Exploiting deep learning opportunities in finance could turn out to be very costly, but firms could get better results by tapping specialist data centers.
Sound and effective training lies at the heart of any successful business venture. To be sustainable and cost-efficient in the long run, companies need the right systems and processes in place to recruit the best staff and train them up so that they meet their objectives and remain motivated.
The successful evolution of deep learning in the financial services sector rests on a similar logic - machines must be connected to the right infrastructure and properly trained if they are to bring tangible benefits to businesses.
While this is not a technology that will work for every process, there is no shortage of potential use cases for deep learning. On the trading desk, for example, a machine could be trained to determine the best way of slicing an order to achieve optimal execution, resulting in greater preservation of Alpha.
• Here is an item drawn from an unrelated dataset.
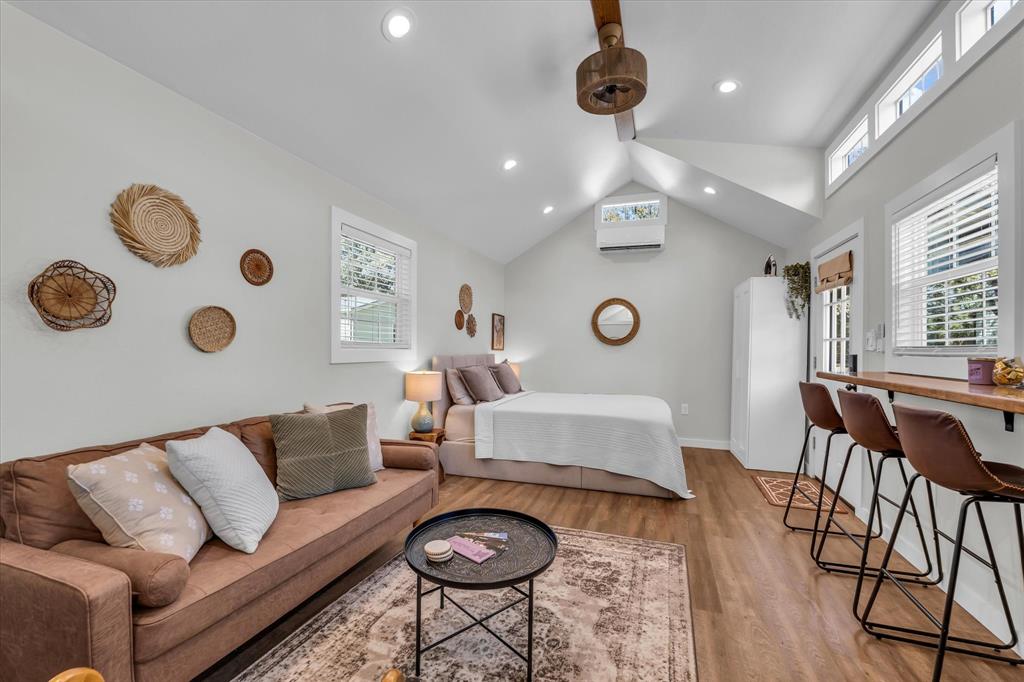 1745 Meixner Road Waco, TX 76705 - Photo 26 of 40 a living room with furniture and a large window
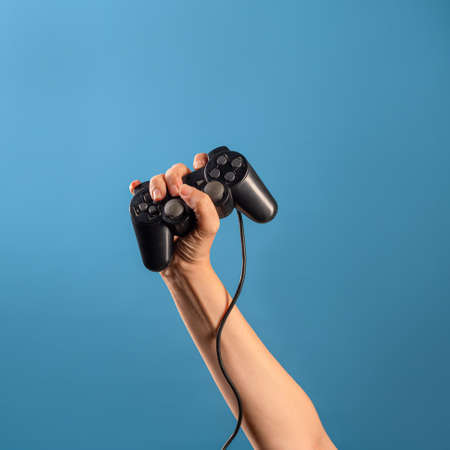 Play computer games ,become a professional gamer. A female hand holds a gamepad with a wire, a photo on a blue backgroundの写真素材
Or in dealing with complex regulations, deep learning might be deployed to sift through vast volumes of data and spot anomalies or discrepancies that require investigation, pre-empting costly penalties for non-compliance, for example.
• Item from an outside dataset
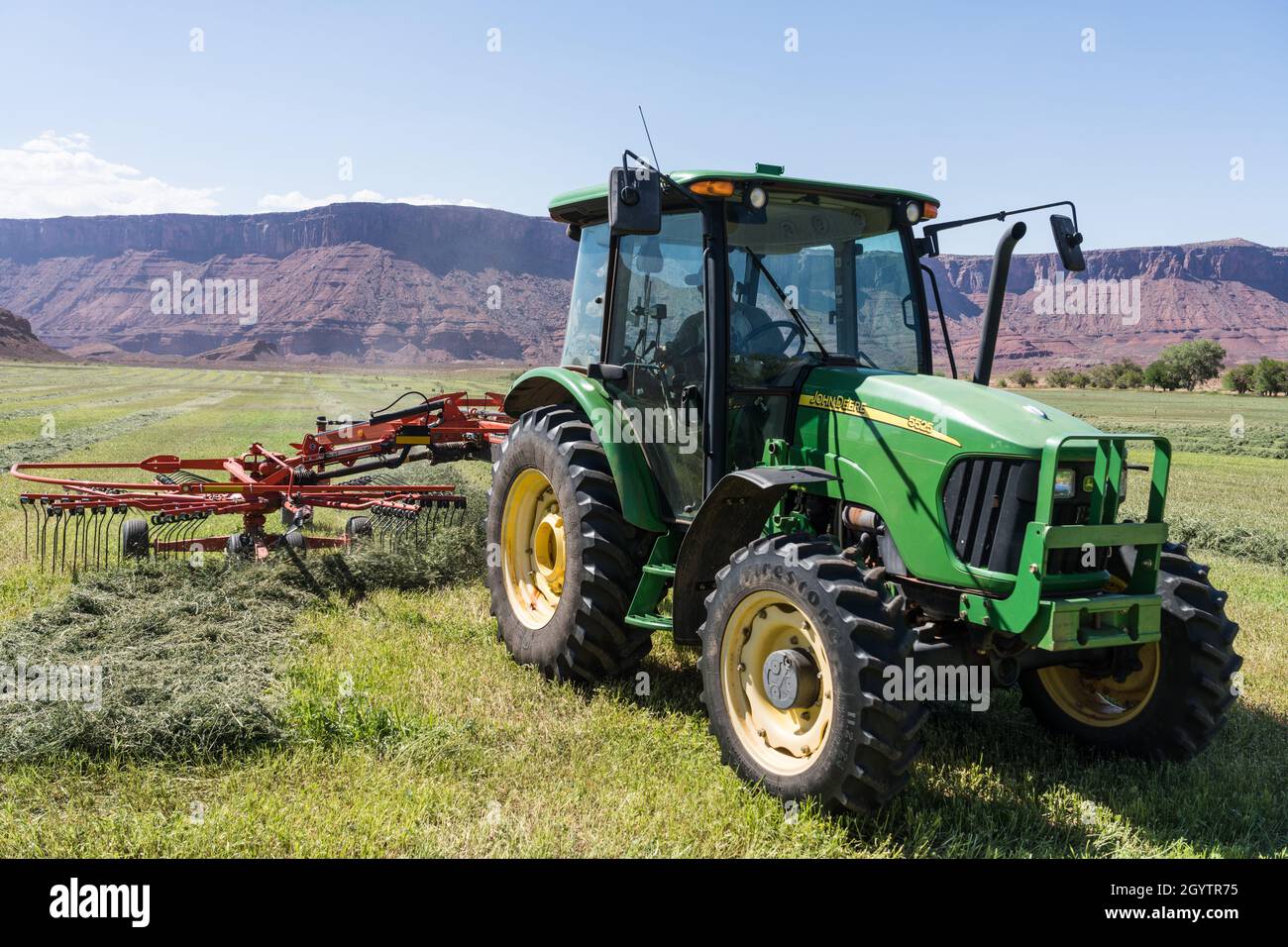 A rotary rake combines smaller rows of hay into one larger row to ...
In some cases, work has already begun on developing such tools, however these are still early days and although deep learning in finance is becoming more widespread, particularly in quantitative finance, it remains in the nascent phase. The jump from a hypothetical idea to a living reality is a big one, and will require market participants to be imaginative, innovative and resourceful in training their machines.
The toughest challenge is that training a machine to carry out resource-intensive tasks requires a volume of data that is many times greater than the industry is accustomed to dealing with. It also demands untold levels of compute power, not often to be found in a typical bank or investment firm, and prohibitively expensive in traditional financial hubs like New York, London and Frankfurt, where power costs are high,and only getting higher.
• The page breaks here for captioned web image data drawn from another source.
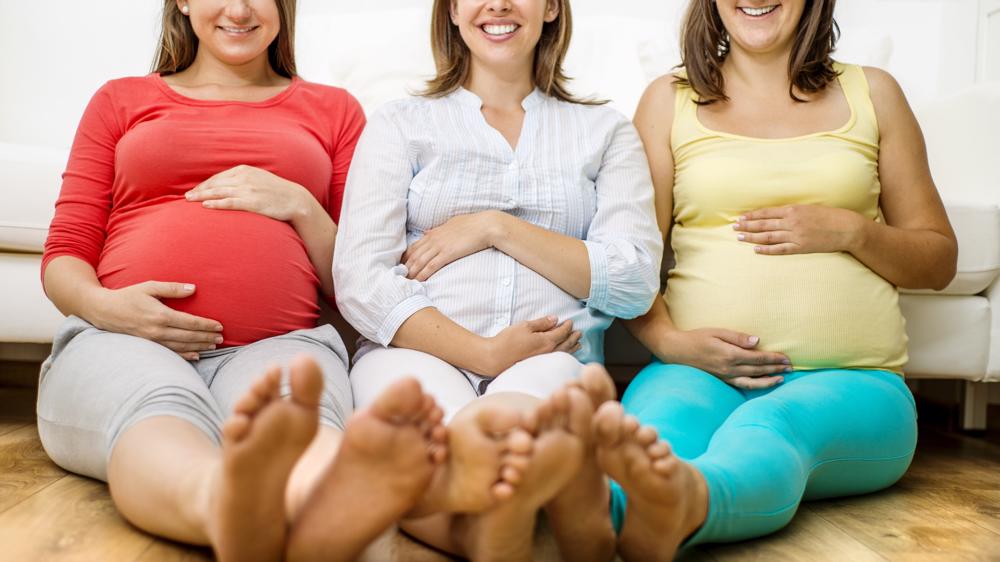 Three pregnant women are shown sitting on a floor in front of a sofa holding their stomachs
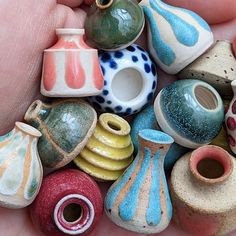 there are many small vases in the hand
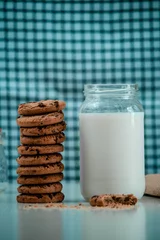 Gordijnen Closeup of tasty cookies with a jar of milk on the table on blue background © George Fallon/Wirestock Creators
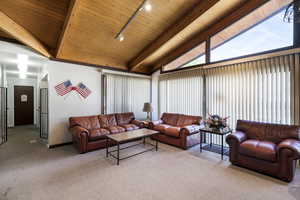 Vaulted wood-paneled ceiling with exposed beams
Housing this volume of data and compute power internally is unlikely to be practical for the majority of financial institutions, so external storage facilities would need to be considered. Many firms already use data centers to colocate their trading engines close to exchange matching engines and thereby reduce latency, but space in such data centers tends to be both limited and costly.
Crucially, the data and infrastructure needed to support deep learning applications do not need to be stored in close proximity to the firm using them – as long as the access is easy and the basic site-selection criteria are ticked, they can be located pretty much anywhere. In this context, there is a strong case to be made for low-cost data centers in locations such as Iceland for example - where there is an abundance of green power - as a means of bringing these ambitious new concepts to market. Data centers in Iceland are able to pass on the considerable savings (approx. 70%) of utilising renewable energy, free-cooling of servers and long-term price contracts. This is why Iceland and other Nordic countries are seeing an increase in the amount of intensive compute applications moving northwards.
Much of this does, inevitably, come down to cost. In the current environment, when all market participants are battling with the rising costs of doing business, few firms are lucky enough to have unlimited IT budgets with which to test and develop new ideas. But if firms can find the most cost-effective infrastructure that allows them to begin training systems, then it may be that the evolution of deep learning will accelerate at a faster pace and help to solve some of the most pressing market and regulatory challenges with which firms are currently contending.